In summary, throughout the paper we show several examples and correlate crystallographic distance to inorganic synthesis similarity. Our evidence supports the hypothesis that similarity in the structure space predicts similarity in the synthesis space. However, the opposite is not necessarily true, which is why we do not consider the examples proposed by the Reviewer as “anomalies”, but rather as expected outcomes of a data-driven analysis. While not every detail can be rationalized, we hope to have convinced the Reviewer that the counterexamples are not necessarily failures of our method, but simply a mismatch between the intuitive understanding of zeolite structures and a data-driven analysis. Several other examples could be discussed given the discrete nature of the minimum spanning tree. However, we decided not to explore every single result to keep the manuscript concise and added a longer discussion to the Supporting Information. Part of the discussion above was to the manuscript.

[1] - https://doi.org/10.1038/s41563-019-0486-1

Reviewer 2: 6. Regarding ll125-127 on page 6, it would be hard to correlate synthesis of MEI with PST-32 and PST-2 as the use of sodium in synthesizing high silica aluminosilicate zeolites is not limited to PST-32 and PST-2 but is very common for high silica zeolites.

Authors: We agree. We rewrote the sentence to point out the correlations between the assembly of MEI, AFS, and SAO. Sodium is not be the only player in that synthesis, as known from the template-driven crystallization of MEI, but the assembly mechanism can be explored in future works Thus, we removed the observation on sodium for the use of aluminosilicates.
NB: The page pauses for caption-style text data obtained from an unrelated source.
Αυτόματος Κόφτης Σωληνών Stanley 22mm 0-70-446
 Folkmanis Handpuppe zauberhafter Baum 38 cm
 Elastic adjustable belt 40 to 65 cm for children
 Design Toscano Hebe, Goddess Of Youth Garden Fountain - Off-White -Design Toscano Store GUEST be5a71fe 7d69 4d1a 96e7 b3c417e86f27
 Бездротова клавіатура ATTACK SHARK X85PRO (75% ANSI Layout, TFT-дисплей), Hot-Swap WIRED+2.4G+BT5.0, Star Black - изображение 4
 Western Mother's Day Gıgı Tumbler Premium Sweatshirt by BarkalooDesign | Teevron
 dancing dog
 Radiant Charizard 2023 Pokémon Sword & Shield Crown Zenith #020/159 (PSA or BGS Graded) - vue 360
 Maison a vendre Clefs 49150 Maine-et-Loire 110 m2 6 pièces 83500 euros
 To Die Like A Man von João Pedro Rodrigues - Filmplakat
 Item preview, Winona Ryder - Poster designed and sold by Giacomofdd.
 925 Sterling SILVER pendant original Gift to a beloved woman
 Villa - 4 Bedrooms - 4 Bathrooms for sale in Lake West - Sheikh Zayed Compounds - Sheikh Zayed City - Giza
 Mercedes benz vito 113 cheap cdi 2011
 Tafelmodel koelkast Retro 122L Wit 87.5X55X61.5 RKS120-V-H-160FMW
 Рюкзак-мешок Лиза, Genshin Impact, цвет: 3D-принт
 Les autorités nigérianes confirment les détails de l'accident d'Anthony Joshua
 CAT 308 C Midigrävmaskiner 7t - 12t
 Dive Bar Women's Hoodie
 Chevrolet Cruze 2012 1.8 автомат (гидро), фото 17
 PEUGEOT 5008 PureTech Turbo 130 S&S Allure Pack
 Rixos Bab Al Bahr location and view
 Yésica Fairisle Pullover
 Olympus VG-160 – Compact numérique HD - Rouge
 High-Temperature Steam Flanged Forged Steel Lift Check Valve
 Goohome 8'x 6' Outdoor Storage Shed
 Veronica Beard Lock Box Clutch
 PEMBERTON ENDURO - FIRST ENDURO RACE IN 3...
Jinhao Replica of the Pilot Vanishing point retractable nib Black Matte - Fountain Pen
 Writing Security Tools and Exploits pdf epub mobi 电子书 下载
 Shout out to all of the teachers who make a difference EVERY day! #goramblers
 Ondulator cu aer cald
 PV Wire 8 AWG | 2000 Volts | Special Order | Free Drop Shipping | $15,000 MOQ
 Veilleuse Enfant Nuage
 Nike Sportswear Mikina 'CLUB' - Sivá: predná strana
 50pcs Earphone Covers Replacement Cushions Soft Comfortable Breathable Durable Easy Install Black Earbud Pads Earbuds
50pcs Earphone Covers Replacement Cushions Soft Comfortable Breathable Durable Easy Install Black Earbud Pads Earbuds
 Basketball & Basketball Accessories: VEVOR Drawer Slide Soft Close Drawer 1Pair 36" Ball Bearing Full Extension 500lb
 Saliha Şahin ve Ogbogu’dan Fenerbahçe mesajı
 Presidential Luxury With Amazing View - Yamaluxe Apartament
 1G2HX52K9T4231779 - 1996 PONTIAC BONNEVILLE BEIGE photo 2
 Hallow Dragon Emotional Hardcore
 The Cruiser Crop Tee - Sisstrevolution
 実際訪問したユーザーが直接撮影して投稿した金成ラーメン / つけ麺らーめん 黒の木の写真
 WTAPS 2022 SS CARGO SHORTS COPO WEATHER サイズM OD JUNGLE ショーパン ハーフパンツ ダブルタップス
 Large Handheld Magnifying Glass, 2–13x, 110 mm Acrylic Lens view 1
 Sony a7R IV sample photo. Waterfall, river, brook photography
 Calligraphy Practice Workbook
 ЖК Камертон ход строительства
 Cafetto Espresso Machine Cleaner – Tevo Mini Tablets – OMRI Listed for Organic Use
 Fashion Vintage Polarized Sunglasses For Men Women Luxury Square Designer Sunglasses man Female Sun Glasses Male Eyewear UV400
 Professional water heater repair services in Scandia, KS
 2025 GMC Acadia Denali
Reviewer 2: 7. Concerning lines 153-157 on page 8, it is critical to discern whether the observed behavior is intrinsic to AMD or zeolite synthesis. Comparative analyses with other metrics would be insightful.

Authors: In the revised manuscript, we show that the SOAP invariant also exhibits this behavior. The comment, therefore, was strengthened to local structural similarity, as derived from the SOAP and AMD vectors, are predictive of inorganic synthesis conditions when considering all reports from the literature. This thorough analysis has been added to the manuscript.

Reviewer 2: 8. Does AMD prioritize short-range or long-range ordering compared to other methods? Comparing with other similarity metrics could elucidate this aspect.

Authors: As described in the Methods section, the AMD vector represents the average distance towards the k-nearest neighbors of a structure, and distances between AMD vectors are computed using the the L∞ norm. Because of this choice, the range of the interactions is defined by the variable k. In our case, we are using k = 100, which is sufficient to consider an entire unit cell of several zeolites, and is not unlike the typical cutoffs of 5-6 Å in local descriptors. As k → ∞, the distance between AMD vectors asymptotically approaches the density difference between structures.

Minor Comments

Reviewer 2: 9. In l.113 on page 6 and Figure S3, the authors claimed that one cluster with six-membered rings contains GIU. MEP, DOH, and MTN should instead be characterized by five-membered rings, considering that the six-membered ring is one of the most popular rings in zeolites, and these structures have a lot of five-membered rings that are not observed in other cluster members. Why does AMD cluster GIU and MEP so strongly? Why are CAN and APC out of the GIU cluster?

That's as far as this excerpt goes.